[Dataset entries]
▬▬▬
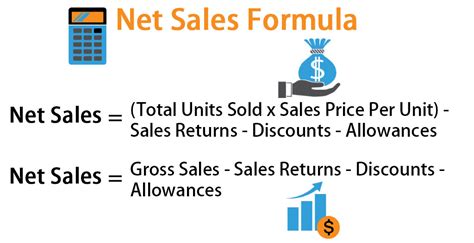 How To Calculate Net Income Sales - Haiper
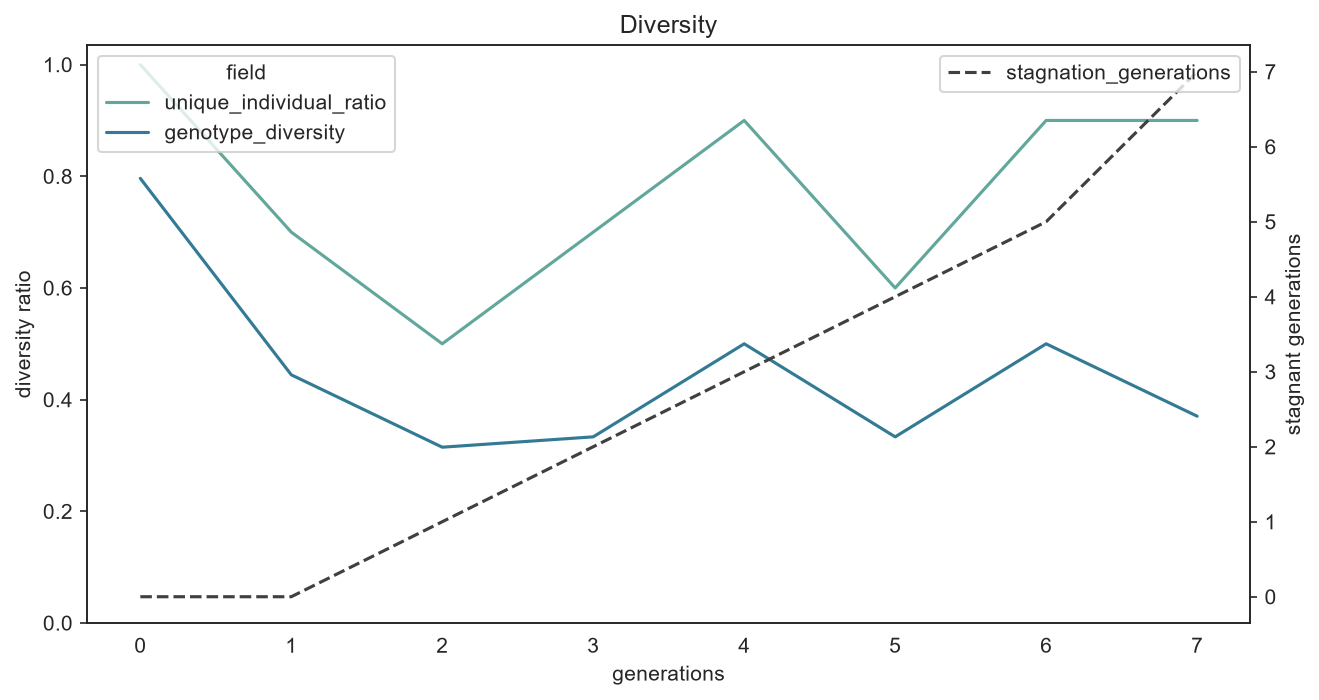 Advanced optimizer diversity
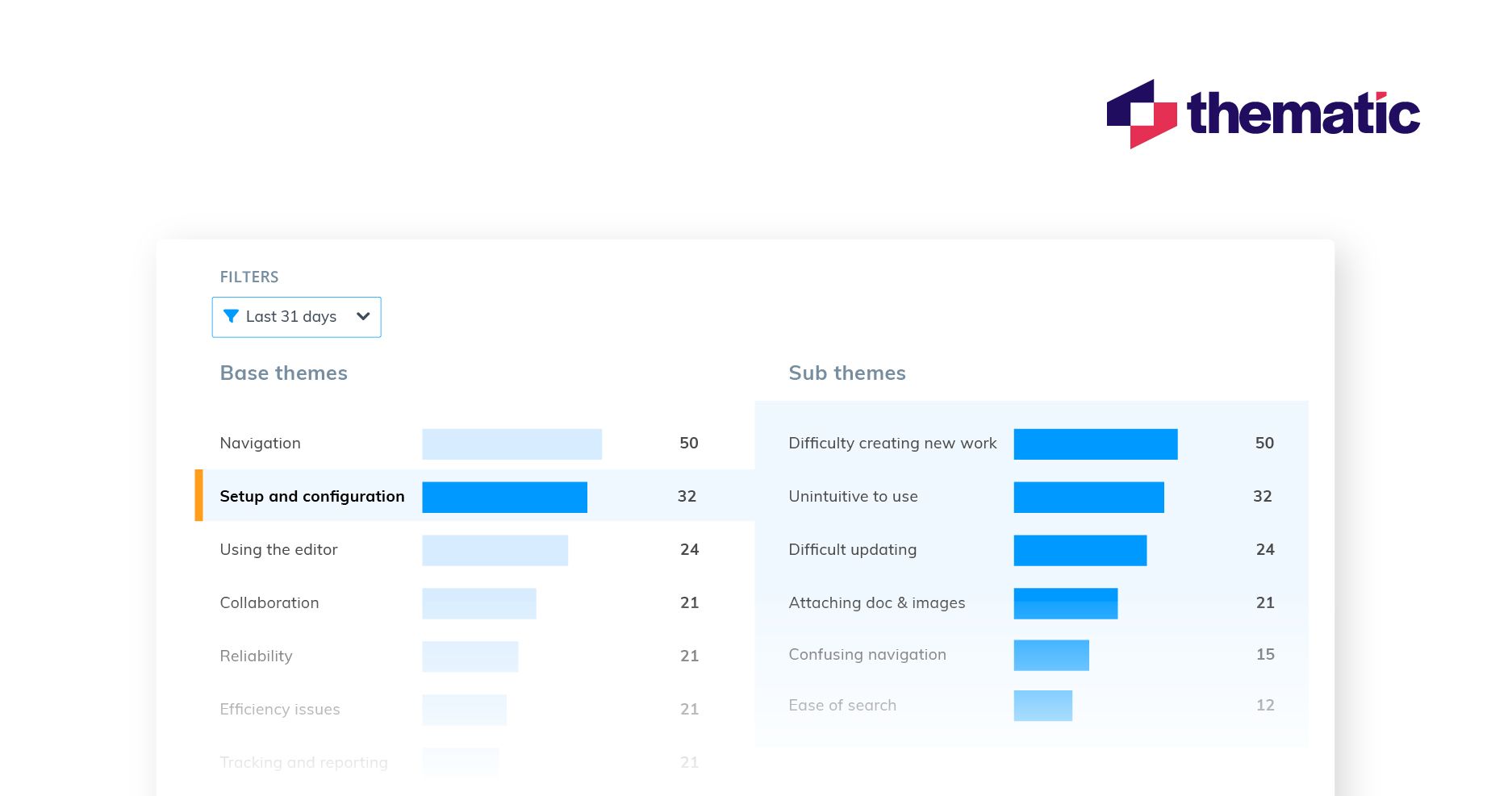 Thematic's analysis tools allow you to easily identify themes and sub-themes in your Voice of Customer data.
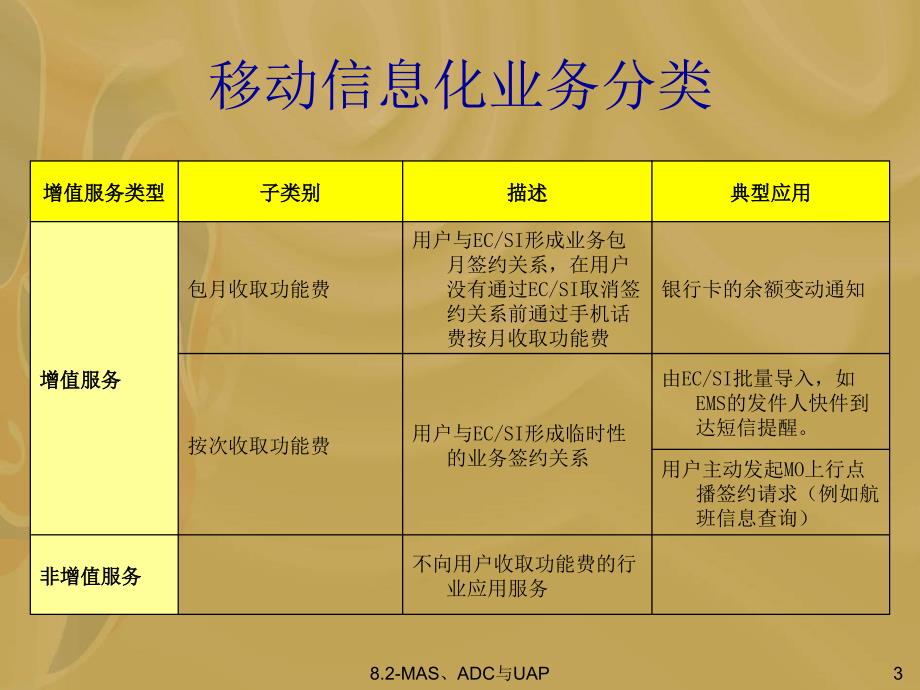 移动信息化业务分析_第4页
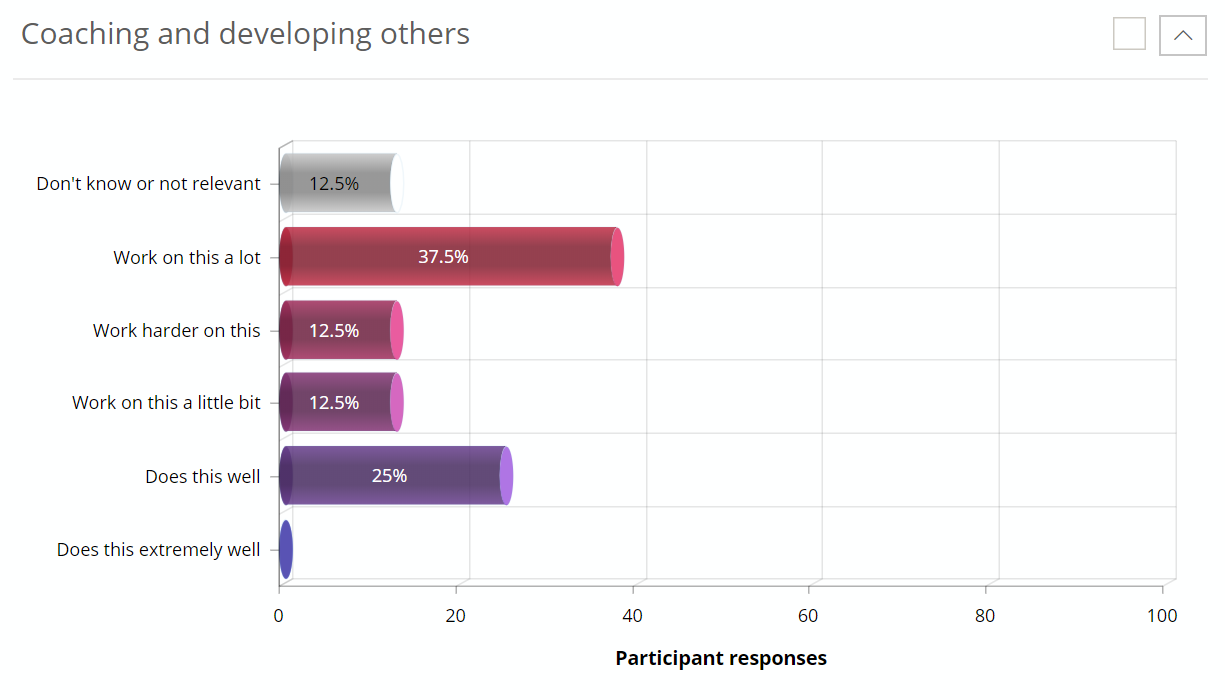 360 Degree Feedback - Find out How Others Perceive You.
▬▬▬
What this task involves.
Without including any pictures, reproduce the data exactly.

Output below.
 How To Calculate Net Income Sales - Haiper
 Advanced optimizer diversity
 Thematic's analysis tools allow you to easily identify themes and sub-themes in your Voice of Customer data.
 移动信息化业务分析_第4页
 360 Degree Feedback - Find out How Others Perceive You.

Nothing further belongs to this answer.